You are viewing a plain text version of this content. The canonical link for it is here.

Posted to dev@accumulo.apache.org by Corey Nolet <cj...@gmail.com> on 2014/08/22 22:35:18 UTC

Tablet server thrift issue

Eric & Keith, Chris mentioned to me that you guys have seen this issue
before. Any ideas from anyone else are much appreciated as well.

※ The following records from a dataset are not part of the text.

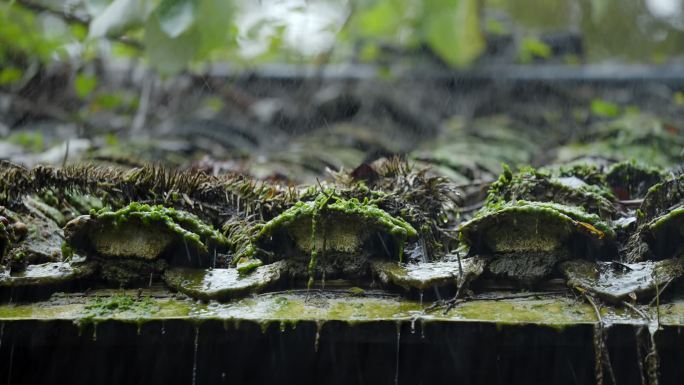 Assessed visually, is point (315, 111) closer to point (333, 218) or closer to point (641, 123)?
point (641, 123)

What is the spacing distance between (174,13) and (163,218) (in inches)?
33.5

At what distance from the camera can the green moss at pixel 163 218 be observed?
2.40 metres

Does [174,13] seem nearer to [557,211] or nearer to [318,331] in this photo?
[318,331]

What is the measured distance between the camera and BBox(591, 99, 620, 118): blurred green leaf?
19.8 feet

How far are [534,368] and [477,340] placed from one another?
363 millimetres

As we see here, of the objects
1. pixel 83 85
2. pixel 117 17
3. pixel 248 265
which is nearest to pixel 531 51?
pixel 83 85

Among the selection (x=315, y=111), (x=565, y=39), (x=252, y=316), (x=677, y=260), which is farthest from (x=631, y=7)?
(x=252, y=316)

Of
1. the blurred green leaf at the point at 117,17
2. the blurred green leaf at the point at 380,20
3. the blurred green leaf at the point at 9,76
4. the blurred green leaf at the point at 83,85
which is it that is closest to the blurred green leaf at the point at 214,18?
the blurred green leaf at the point at 117,17

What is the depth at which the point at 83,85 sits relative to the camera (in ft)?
21.6

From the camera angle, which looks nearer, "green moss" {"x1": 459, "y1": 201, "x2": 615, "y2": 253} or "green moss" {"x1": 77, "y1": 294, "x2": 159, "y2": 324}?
"green moss" {"x1": 77, "y1": 294, "x2": 159, "y2": 324}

I recently updated a project's dependencies to Accumulo 1.6.0 built with
Hadoop 2.3.0. I've got CDH 5.0.2 deployed. The project has an ingest
component which is running all the time with a batch writer using many
threads to push mutations into Accumulo.

The issue I'm having is a show stopper. At different intervals of time,
sometimes an hour, sometimes 30 minutes, I'm getting
MutationsRejectedExceptions (server errors) from the
TabletServerBatchWriter. Once they start, I need to restart the ingester to
get them to stop. They always come back within 30 minutes to an hour...
rinse, repeat.

The exception always happens on different tablet servers. It's a thrift
error saying a message was received out of sequence. In the TabletServer
logs, I see an "Invalid session id" exception which happens only once
before the client-side batch writer starts spitting out the MREs.

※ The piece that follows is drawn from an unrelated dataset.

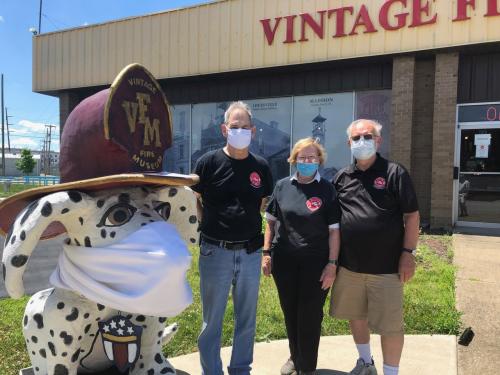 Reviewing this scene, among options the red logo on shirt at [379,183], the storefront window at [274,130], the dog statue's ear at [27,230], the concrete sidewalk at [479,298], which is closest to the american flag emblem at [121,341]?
the dog statue's ear at [27,230]

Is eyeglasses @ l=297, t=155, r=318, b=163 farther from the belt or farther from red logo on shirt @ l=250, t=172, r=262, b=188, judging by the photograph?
the belt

I'm running some heavyweight processing in Storm along side the tablet
servers. I shut that processing off in hopes that maybe it was the culprit
but that hasn't fixed the issue.

I'm surprised I haven't seen any other posts on the topic.

Thanks!

Re: Tablet server thrift issue

Posted by Corey Nolet <cj...@gmail.com>.

As an update,

I raised the tablet server memory and I have not seen this error thrown
since. I'd like to say raising the memory, alone, was the solution but it
appears that I also may be having some performance issues with the switches
connecting the racks together. I'll update more as I dive in further.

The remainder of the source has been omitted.